Clifton Hill House
An award-winning addition to a modernist home in Sumner, Christchurch, originally designed in 1965 by Austrian architect, Ernest Kalnins. HMOA's additions were a finalist in Home of the Year, 2013.
Commanding spectacular views over the Pacific Ocean and Christchurch city, the house had previously been used only for holidays. Our brief was to convert it into a comfortable and contemporary, permanent home. The project encountered a number of hurdles along the way, not least the two Christchurch earthquakes, but the challenges, coupled with a close and trusting client relationship, only enriched the outcome.

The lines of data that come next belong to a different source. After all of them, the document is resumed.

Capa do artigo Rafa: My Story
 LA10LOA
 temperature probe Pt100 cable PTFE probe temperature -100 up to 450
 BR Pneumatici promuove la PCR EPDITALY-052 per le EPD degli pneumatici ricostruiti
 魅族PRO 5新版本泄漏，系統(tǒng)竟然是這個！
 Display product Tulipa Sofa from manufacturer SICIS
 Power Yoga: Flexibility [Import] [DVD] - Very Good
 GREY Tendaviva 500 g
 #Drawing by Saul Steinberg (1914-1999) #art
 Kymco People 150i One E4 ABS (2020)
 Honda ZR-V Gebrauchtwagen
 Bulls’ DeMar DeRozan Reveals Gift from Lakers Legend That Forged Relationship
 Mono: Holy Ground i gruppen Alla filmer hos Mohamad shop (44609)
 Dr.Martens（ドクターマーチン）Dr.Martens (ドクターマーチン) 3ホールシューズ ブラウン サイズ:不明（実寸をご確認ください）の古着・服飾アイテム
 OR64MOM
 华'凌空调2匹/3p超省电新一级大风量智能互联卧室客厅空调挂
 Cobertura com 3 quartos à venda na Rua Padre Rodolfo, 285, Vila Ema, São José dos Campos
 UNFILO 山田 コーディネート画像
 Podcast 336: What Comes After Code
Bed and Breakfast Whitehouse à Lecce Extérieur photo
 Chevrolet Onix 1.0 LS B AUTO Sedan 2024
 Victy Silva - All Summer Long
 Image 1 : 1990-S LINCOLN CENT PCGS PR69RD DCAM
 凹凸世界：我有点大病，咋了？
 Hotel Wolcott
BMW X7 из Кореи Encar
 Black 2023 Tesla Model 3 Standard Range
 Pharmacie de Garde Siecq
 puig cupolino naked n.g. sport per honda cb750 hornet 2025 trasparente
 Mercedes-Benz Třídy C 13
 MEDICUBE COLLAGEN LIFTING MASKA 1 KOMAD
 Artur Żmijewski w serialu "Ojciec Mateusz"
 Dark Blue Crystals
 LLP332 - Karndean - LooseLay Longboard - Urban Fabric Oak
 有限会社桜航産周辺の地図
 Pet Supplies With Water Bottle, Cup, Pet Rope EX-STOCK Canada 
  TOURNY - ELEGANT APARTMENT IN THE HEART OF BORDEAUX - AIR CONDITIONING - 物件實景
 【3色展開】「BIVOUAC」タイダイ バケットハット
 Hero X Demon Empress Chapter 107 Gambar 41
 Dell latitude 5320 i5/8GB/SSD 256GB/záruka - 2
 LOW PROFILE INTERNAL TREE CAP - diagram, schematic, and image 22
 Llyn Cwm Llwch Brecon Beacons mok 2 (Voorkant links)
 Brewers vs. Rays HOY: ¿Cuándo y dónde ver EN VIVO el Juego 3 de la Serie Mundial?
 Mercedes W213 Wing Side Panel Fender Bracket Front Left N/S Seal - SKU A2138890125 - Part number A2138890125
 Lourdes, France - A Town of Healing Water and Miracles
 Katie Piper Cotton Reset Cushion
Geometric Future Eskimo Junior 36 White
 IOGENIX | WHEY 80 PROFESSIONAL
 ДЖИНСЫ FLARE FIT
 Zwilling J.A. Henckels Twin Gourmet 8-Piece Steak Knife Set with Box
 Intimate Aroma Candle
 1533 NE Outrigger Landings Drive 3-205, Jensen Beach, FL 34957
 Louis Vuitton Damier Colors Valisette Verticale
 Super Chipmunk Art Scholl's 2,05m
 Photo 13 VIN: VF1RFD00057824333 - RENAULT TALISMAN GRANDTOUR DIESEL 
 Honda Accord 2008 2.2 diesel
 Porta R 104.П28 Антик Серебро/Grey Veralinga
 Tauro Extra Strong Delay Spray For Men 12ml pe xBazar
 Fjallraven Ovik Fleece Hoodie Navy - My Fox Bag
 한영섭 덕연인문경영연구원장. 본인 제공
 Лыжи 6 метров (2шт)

A careful balance was found between retaining the integrity of the original design, and many of its key features, while fulfilling the needs of our clients for a dream home to retire to.
"The architects have recognised the power of the original dwelling and the passion of its owners with judicious replanning to provide a better flow and use of spaces while retaining the integrity of the original design ... (they) have dealt extremely well with an interesting set of historic preconditions and a difficult, steep site ... a delightful solution for the house’s owners," NZIA Awards Jury, 2013.
"A bold, modernist statement that stood out for its streamlined use of concrete, steel and glass, it was a handsome building then – sturdy yet somehow ethereal – and it is as valid and arresting today, from a respectful three-year renovation project led by Duval O'Neill," Adrienne Rewi, Modern, NZ Homes from 1938 to 1977.
Photos: Russell Kleyn.
Awards: NZIA Local Award 2013; HOME New Zealand Magazine, Home of the Year 2013 Finalist.
The internal layout was reordered to provide more open plan space over both levels, with shared circulation zones and large timber and glass sliding doors adding to the sense of roominess. An elegant suspended timber staircase was added. A restrained palette of materials including Blackwood and Tasmanian Ash timber veneer, full-height glass, and natural black mild steel gives a warm, crafted feel to the interior.